Anyway, I suppose he's right about Heathrow and we wish him a speedy recovery from Vatican mouth. I live in a proper Third World country but the airport here thankfully makes Terminal 3 look like a dirt strip in Kandahar.
Still, my recent round-the-world journey did incorporate one major international aiport that provides a marginally worse passenger experience: JFK.
As for the rest, here's my personal league table:
1. Hong Kong International: in a city which often feels like one big duty free lounge they were going to have to come up with something special and who can argue when this mini-metropolis claims to be the world's greatest airport?

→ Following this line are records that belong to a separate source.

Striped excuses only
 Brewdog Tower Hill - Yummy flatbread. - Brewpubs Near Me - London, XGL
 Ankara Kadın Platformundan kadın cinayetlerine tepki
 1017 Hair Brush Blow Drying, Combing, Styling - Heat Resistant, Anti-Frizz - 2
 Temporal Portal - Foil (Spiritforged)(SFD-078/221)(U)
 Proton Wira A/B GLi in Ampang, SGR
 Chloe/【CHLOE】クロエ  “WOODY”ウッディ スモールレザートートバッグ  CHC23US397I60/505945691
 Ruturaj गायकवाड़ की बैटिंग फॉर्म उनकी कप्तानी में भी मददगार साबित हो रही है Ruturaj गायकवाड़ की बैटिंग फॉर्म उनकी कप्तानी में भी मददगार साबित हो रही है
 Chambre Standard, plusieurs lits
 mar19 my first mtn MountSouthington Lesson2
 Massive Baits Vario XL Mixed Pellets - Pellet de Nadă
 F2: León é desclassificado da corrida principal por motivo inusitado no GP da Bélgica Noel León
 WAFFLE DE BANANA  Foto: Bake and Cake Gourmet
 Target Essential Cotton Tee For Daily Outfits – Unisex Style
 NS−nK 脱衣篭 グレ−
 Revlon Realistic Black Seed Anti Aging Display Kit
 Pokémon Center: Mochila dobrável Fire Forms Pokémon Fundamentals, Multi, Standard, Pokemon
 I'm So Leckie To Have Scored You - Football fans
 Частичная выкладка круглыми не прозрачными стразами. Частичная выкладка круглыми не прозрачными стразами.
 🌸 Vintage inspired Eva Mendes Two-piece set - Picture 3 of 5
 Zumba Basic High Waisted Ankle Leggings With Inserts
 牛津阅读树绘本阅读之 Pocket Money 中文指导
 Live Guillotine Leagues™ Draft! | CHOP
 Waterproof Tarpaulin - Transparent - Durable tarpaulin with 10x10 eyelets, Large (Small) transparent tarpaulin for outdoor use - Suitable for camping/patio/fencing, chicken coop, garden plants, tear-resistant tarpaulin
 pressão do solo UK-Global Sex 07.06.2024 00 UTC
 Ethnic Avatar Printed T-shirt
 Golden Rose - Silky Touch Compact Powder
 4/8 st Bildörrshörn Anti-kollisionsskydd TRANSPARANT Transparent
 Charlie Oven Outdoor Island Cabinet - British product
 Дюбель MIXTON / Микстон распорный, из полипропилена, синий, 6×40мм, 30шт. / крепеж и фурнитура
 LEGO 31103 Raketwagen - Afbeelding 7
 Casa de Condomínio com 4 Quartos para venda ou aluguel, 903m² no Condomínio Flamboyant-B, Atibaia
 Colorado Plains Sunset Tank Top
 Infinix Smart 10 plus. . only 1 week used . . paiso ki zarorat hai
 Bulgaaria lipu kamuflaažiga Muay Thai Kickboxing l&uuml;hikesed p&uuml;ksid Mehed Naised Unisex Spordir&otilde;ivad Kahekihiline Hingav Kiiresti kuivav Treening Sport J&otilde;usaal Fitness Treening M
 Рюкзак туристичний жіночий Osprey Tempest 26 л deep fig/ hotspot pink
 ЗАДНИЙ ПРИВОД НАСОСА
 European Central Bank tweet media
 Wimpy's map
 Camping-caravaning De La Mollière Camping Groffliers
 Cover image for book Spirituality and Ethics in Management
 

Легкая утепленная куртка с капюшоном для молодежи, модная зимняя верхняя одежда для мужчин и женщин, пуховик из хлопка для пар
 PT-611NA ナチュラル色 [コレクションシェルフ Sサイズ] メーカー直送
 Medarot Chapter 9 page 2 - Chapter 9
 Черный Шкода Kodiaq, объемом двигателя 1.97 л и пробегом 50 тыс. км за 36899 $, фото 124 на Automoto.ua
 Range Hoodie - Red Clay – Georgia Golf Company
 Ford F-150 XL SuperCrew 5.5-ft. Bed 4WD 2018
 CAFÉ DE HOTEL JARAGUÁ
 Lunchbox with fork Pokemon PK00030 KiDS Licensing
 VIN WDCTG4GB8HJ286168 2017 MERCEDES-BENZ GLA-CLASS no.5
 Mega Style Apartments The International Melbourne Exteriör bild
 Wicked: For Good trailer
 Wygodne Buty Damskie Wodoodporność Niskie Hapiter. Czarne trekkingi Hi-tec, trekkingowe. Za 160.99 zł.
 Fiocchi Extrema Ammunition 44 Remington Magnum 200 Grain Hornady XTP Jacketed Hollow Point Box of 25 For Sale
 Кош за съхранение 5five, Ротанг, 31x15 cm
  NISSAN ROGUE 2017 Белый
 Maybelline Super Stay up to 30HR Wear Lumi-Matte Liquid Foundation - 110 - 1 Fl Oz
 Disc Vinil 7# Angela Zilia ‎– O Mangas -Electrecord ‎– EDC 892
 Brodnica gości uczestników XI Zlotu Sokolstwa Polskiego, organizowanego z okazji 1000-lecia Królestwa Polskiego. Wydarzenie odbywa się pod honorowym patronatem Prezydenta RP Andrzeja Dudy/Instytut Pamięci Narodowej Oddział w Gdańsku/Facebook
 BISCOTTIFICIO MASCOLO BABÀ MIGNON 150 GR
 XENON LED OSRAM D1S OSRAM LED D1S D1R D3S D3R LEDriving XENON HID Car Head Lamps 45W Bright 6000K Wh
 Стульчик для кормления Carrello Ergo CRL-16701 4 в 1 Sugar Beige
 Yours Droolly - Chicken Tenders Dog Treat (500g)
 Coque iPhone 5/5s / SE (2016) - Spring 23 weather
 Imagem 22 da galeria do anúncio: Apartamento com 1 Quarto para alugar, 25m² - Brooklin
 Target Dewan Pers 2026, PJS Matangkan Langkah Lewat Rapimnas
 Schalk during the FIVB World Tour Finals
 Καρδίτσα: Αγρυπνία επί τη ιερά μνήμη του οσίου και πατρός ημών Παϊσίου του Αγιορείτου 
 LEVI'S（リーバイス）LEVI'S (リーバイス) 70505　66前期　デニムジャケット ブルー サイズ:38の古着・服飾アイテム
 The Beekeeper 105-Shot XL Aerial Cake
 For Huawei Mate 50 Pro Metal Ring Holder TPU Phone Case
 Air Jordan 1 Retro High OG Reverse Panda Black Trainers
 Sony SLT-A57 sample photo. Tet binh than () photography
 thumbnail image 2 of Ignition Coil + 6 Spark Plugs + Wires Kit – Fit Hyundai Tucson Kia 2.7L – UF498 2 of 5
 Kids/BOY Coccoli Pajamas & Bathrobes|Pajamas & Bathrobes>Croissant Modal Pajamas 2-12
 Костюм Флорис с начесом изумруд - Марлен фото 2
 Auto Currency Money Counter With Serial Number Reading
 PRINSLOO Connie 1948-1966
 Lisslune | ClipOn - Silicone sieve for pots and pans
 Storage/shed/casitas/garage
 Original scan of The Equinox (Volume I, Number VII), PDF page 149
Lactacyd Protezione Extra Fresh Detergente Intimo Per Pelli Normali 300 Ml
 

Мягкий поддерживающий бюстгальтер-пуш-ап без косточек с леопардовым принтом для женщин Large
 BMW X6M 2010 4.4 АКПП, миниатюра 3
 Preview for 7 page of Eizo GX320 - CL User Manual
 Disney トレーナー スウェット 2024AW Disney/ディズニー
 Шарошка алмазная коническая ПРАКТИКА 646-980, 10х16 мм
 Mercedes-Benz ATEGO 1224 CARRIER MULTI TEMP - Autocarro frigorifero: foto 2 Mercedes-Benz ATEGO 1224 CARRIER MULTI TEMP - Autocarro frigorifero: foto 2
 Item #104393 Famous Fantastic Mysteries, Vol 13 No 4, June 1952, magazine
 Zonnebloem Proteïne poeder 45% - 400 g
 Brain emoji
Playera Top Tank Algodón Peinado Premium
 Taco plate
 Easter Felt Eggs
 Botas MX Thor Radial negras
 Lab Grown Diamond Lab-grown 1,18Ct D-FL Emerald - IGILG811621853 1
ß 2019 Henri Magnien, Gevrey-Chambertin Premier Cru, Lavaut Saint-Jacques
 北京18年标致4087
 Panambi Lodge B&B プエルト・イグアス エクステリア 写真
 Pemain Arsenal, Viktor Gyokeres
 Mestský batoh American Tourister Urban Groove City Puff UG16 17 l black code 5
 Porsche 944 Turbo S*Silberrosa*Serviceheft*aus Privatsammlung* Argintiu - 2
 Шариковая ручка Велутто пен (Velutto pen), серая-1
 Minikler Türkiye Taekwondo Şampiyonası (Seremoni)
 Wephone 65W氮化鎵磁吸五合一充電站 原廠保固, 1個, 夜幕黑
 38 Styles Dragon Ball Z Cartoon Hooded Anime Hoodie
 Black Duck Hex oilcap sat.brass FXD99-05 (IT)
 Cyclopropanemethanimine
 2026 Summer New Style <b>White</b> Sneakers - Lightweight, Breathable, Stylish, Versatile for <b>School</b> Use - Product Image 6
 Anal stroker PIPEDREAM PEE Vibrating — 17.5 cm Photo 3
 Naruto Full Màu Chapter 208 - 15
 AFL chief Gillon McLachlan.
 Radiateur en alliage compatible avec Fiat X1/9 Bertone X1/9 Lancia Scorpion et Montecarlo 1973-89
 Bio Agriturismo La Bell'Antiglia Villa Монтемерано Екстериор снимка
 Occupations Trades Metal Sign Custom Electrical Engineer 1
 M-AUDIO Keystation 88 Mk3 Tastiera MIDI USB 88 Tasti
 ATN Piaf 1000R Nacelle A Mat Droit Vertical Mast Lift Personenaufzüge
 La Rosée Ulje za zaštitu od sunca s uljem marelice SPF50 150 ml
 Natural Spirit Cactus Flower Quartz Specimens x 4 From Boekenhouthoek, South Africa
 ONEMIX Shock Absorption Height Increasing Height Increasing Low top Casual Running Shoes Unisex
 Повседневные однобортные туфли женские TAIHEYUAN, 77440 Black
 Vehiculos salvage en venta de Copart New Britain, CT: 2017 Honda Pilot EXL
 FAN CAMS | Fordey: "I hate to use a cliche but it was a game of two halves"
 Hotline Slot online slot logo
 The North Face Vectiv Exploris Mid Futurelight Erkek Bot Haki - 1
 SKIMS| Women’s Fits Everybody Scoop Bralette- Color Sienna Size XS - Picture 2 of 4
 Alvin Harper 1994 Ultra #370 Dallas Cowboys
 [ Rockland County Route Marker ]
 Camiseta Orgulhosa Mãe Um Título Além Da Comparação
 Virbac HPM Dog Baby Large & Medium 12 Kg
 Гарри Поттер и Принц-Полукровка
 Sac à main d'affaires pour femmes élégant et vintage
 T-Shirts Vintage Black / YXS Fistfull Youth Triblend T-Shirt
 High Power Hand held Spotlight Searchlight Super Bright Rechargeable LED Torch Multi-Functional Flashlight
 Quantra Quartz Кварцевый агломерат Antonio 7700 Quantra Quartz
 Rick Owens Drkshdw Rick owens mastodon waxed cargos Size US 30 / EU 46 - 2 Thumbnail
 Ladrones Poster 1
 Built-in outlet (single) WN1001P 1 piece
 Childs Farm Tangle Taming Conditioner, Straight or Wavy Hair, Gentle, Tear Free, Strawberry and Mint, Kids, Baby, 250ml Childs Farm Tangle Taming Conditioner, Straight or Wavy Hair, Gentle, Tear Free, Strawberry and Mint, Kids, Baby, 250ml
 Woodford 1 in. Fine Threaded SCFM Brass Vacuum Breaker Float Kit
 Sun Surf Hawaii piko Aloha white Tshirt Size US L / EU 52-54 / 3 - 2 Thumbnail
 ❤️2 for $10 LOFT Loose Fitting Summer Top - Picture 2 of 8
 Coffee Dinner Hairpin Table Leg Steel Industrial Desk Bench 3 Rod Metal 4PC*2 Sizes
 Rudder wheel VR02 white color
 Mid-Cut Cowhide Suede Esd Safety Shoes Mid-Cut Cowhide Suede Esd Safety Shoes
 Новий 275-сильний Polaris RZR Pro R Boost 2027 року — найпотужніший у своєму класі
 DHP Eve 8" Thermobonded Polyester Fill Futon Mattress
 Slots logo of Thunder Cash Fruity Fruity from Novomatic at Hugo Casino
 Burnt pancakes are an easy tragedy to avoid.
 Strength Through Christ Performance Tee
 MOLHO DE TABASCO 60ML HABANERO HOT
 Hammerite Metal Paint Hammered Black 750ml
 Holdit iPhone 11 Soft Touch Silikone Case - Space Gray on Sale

2. Suvarnabhumi, Bangkok: could not be further from the shithole that appeared in all those movies where naive young western girls are detained by sweaty, mosca-encircled immigration officials for carrying dope that some low-life had planted in their suitcase. Filled with seemingly pointless rolling electric walkways and an entire floor full of top notch Asian eateries.
3. Narita, Tokyo: much like Hong Kong, but somehow not quite as swanky.
4. YVR, Vancouver International: smartened up and 'greened' in advance of the Winter Olympics, the gate areas feature massive glass windows and high ceilings and pleasingly soft-toned upholstery.
5. Changi, Singapore: the trouble here is that while T3 is as smart and shiny as Asia's other leading terminals, T1 rivals its equivalent at Heathrow for all-round outmoded skankiness. The food on offer in the departure lounge is more along the lines of generic international soggy croissant than what you would expect from a foodie's paradise like Singapore.
6. La Guardia, New York: some might quibble about the runway sticking out into the Hudson, but the terminal facilities are nicely compact and the staff remarkably friendly and helpful for denizens of this city.
7. Aurora International, Guatemala City: the old set-up had its charms, but I suppose this new glass and metal make-over with its American-style dirty blue departure lounge seats is a better advertisement for Guatemala's desire to be modern. The old ways are most visibly preserved in the form of unnecessarily long queues for check-in and the payment of a departure tax that only bank employees can be trusted to handle.
8. Miami International (MIA): my unlucky aiport, scene of two emergency landings and other major inconveniences, which this time included being told by an automatic check-in machine that my flight was cancelled and by the nearest AA employee that customer service was in Dallas. Father Kasper should give it a whirl some time.
9. Heathrow, London: They're doing their best by attempting to tart up the original sixties terminals. The brand new T5 looks like a failed British attempt to recreate the experience of those Asian glass palaces, which went wrong the moment they decided to pack it with the same tat that clutters up the other four terminals.
10. JFK, New York: Rather than create a proper airport, the designers of JFK sought to build an airport of parts, where all the facilities you might need are strung out in a circle of wide circumference and linked by slow-moving driverless trains which circulate in only one direction. Authentic blue-collar New Yorkers of the stereotypically coarse and dismissive kind operate in force here.